Saya menemukan diri saya terlibat dalam pengalaman sinematik yang luar biasa di acara screening film pendek yang diadakan oleh Cinema Darurat di Metro Cinema, Kemang, Jakarta. Acara screening film pendek ini tidak hanya menyajikan lima karya dengan pendekatan visual dan narasi yang unik, tetapi juga membuka ruang diskusi mendalam tentang tantangan dan keindahan dalam proses pembuatan film. Film-film yang ditayangkan menyajikan eksplorasi visual dari mimpi seorang anak hingga pasien misterius yang menjengkelkan, setiap film menyuguhkan cerita yang menggugah dan penuh makna. Lewat artikel ini, saya akan mengajak pembaca untuk menyelami pengalaman serta kisah di balik layar yang membentuk perjalanan kreatif para sineas muda Indonesia.
Acara Cinema Darurat merupakan sebuah ajang screening film pendek yang menyatukan karya-karya kreatif dari sineas muda Indonesia yang diadakan di Metro Cinema Kemang, Jakarta. Acara ini menampilkan lima film pendek dengan tema Family and Love namun dengan pendekatan visual yang beragam, memberikan gambaran tentang kekayaan cerita dan tantangan dalam proses pembuatan film.
Beberapa film yang saya tonton saat menghadiri pemutaran yang diadakan oleh Cinema Darurat antara lain:

The Boy Who Dreamead Lightning (2023) Sutradara: M Rafflie Maulana
Mengisahkan seorang anak yang bermimpi tentang pohon yang disambar petir. Mimpi tersebut pada awalnya merefleksikan keinginan terdalam yang belum sepenuhnya dipahami oleh sang anak, di mana pohon dan petir menjadi simbol dari keinginan yang abstrak dan kompleks.

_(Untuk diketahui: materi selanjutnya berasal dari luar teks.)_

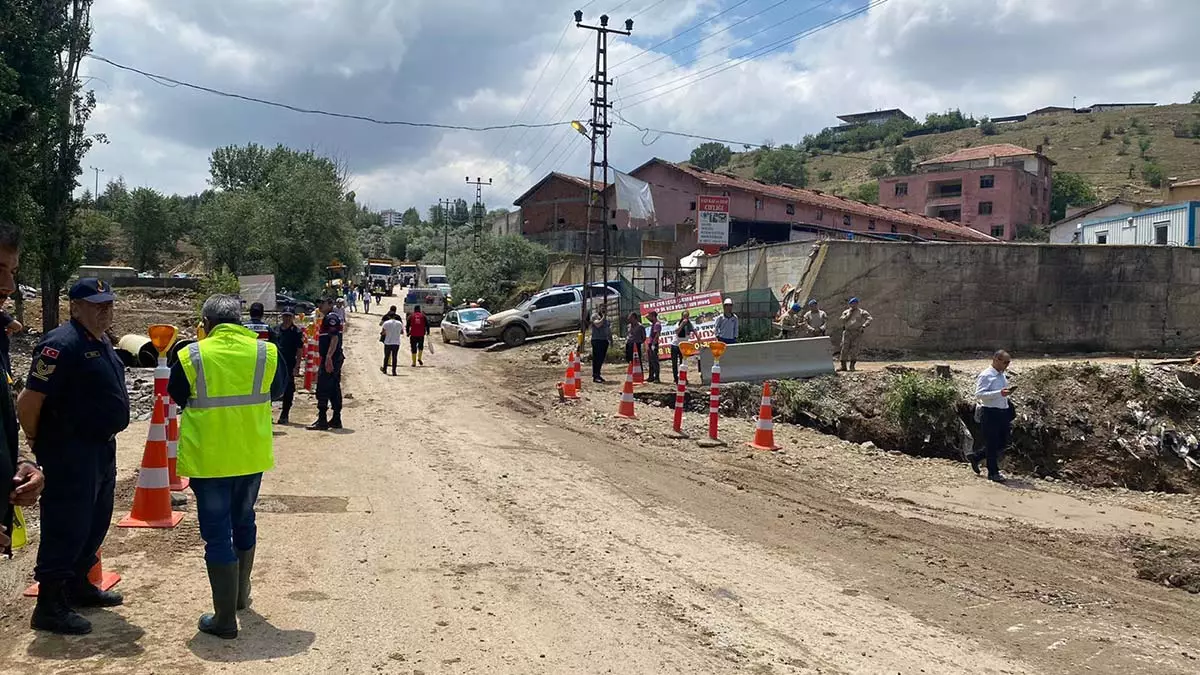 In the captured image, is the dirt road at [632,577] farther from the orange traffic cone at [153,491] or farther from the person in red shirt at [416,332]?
the person in red shirt at [416,332]

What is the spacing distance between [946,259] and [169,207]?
260ft

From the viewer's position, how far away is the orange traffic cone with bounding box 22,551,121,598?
15.8 ft

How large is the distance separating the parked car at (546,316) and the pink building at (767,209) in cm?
2043

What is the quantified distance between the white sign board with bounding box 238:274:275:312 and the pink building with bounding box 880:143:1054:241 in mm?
53424

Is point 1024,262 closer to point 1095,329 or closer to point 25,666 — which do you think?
point 1095,329

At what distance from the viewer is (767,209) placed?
5250 cm

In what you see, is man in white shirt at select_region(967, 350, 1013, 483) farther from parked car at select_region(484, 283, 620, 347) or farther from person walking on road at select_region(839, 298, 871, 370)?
parked car at select_region(484, 283, 620, 347)

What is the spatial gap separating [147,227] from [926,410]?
81.1 meters

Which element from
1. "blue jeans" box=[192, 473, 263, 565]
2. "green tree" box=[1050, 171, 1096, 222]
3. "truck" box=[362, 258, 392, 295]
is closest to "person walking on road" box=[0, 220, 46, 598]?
"blue jeans" box=[192, 473, 263, 565]

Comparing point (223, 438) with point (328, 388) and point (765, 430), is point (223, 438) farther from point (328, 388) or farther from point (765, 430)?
A: point (765, 430)

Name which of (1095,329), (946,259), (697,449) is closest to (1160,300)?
(1095,329)

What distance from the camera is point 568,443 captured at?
38.4 feet

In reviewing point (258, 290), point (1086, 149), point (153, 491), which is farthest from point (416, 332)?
point (1086, 149)

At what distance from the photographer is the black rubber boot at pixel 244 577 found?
4734mm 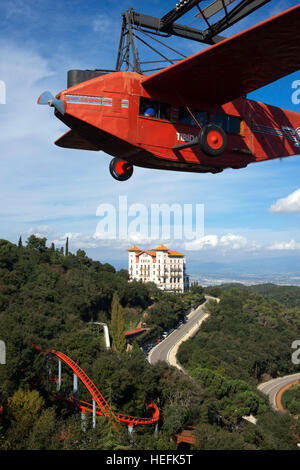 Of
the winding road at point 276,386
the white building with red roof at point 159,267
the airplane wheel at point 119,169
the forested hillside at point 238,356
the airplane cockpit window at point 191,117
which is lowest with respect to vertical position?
the winding road at point 276,386

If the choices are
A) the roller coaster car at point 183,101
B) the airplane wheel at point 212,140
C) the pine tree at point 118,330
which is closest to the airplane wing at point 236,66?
the roller coaster car at point 183,101

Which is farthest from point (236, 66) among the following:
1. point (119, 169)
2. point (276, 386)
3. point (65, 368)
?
point (276, 386)

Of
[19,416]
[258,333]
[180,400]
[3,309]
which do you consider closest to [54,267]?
[3,309]

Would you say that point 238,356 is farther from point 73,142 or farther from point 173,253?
point 73,142

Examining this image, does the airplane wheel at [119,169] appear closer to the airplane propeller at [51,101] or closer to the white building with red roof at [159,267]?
the airplane propeller at [51,101]

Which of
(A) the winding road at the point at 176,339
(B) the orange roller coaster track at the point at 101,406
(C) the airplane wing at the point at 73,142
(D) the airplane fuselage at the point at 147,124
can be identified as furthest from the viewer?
(A) the winding road at the point at 176,339

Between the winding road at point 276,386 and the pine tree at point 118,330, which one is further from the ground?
the pine tree at point 118,330

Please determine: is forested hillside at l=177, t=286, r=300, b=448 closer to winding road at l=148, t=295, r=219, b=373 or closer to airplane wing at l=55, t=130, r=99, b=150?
winding road at l=148, t=295, r=219, b=373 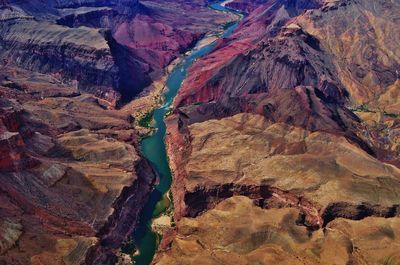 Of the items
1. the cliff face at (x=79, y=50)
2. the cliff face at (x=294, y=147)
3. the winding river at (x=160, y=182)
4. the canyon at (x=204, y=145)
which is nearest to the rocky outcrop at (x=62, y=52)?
the cliff face at (x=79, y=50)

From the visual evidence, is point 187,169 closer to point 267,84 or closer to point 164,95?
point 267,84

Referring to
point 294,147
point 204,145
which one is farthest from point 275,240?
point 204,145

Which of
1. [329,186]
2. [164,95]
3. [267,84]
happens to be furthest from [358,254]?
[164,95]

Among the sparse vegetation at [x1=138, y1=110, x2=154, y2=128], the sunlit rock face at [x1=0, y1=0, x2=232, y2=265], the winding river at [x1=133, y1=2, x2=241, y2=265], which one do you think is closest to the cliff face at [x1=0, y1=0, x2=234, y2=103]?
the sunlit rock face at [x1=0, y1=0, x2=232, y2=265]

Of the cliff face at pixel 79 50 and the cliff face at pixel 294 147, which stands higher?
the cliff face at pixel 294 147

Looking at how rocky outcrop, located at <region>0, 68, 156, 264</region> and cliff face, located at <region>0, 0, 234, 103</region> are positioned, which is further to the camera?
cliff face, located at <region>0, 0, 234, 103</region>

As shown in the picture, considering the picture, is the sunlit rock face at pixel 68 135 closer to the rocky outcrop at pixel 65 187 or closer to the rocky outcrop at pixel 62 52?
the rocky outcrop at pixel 65 187

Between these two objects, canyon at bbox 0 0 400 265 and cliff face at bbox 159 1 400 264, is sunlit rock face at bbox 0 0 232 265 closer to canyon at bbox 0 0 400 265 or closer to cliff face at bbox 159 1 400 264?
canyon at bbox 0 0 400 265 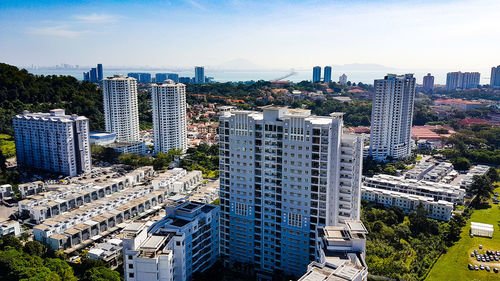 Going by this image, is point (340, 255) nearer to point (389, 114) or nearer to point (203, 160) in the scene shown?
point (203, 160)

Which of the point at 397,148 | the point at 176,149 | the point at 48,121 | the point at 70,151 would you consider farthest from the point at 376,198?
the point at 48,121

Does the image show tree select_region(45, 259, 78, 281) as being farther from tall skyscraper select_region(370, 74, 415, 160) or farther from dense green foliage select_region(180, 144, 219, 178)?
tall skyscraper select_region(370, 74, 415, 160)

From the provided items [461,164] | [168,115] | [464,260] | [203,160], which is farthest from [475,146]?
[168,115]

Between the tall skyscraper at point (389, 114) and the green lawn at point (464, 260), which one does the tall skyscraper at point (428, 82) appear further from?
the green lawn at point (464, 260)

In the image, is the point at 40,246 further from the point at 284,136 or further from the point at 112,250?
the point at 284,136

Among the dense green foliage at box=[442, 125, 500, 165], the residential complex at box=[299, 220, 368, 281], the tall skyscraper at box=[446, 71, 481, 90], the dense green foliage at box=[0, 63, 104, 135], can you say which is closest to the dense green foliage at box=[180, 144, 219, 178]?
the dense green foliage at box=[0, 63, 104, 135] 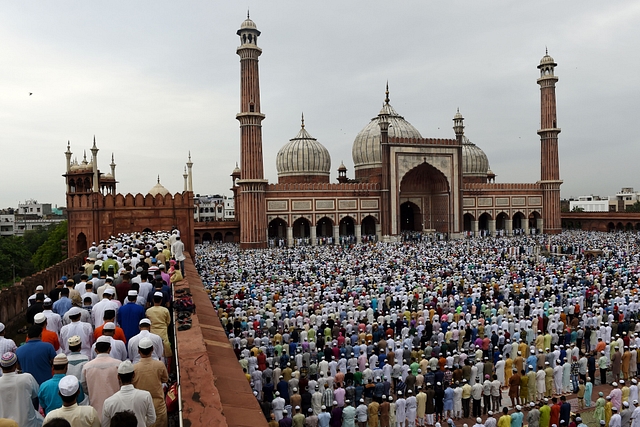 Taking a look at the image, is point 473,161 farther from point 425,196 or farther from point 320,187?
point 320,187

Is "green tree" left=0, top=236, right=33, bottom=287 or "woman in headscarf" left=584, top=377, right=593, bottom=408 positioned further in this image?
"green tree" left=0, top=236, right=33, bottom=287

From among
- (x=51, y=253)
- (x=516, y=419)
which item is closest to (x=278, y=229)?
(x=51, y=253)

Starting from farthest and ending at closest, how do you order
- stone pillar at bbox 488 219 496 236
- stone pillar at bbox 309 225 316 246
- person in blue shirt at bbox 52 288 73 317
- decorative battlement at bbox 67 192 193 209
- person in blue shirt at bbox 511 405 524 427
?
stone pillar at bbox 488 219 496 236
stone pillar at bbox 309 225 316 246
decorative battlement at bbox 67 192 193 209
person in blue shirt at bbox 511 405 524 427
person in blue shirt at bbox 52 288 73 317

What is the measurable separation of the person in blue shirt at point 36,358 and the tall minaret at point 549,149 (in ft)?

Si Met Anak Kuliahan (2019) Sutradara: Adam Wiradi Arif
Bercerita tentang seorang ayah yang berjuang menghadiri wisuda anaknya. Di tengah konteks modernitas Jakarta, sang ayah harus menghadapi berbagai tantangan modernitas termasuk menghadapi transportasi umum, mencerminkan benturan antara nilai tradisional dan kehidupan kota yang dinamis.

Will Today Be A Happy Day (2025) Sutradara: M Kanz Daffa
Menggambarkan kehangatan hubungan antara ibu dan anak melalui serangkaian momen sederhana namun penuh makna, seperti kebersamaan dalam berkegiatan dan perjalanan yang dilakukan seharian penuh mulai dari bangun pagi, bermain di taman, pergi ke sirkus malam, menggunakan transportasi umum. Lalu film ini mempertanyakan sekaligus menjawab hari yang bahagia tersebut.

Kencan Pertama (2022) Sutradara: Hasan Faizal
Menonjolkan eksplorasi visual melalui dialog yang berlangsung dalam bahasa Jawa, film ini mengisahkan tentang seorang pria yang mengunjungi thrift shop (toko baju bekas) dan mengalami situasi yang penuh dengan nuansa canggung namun menggelitik.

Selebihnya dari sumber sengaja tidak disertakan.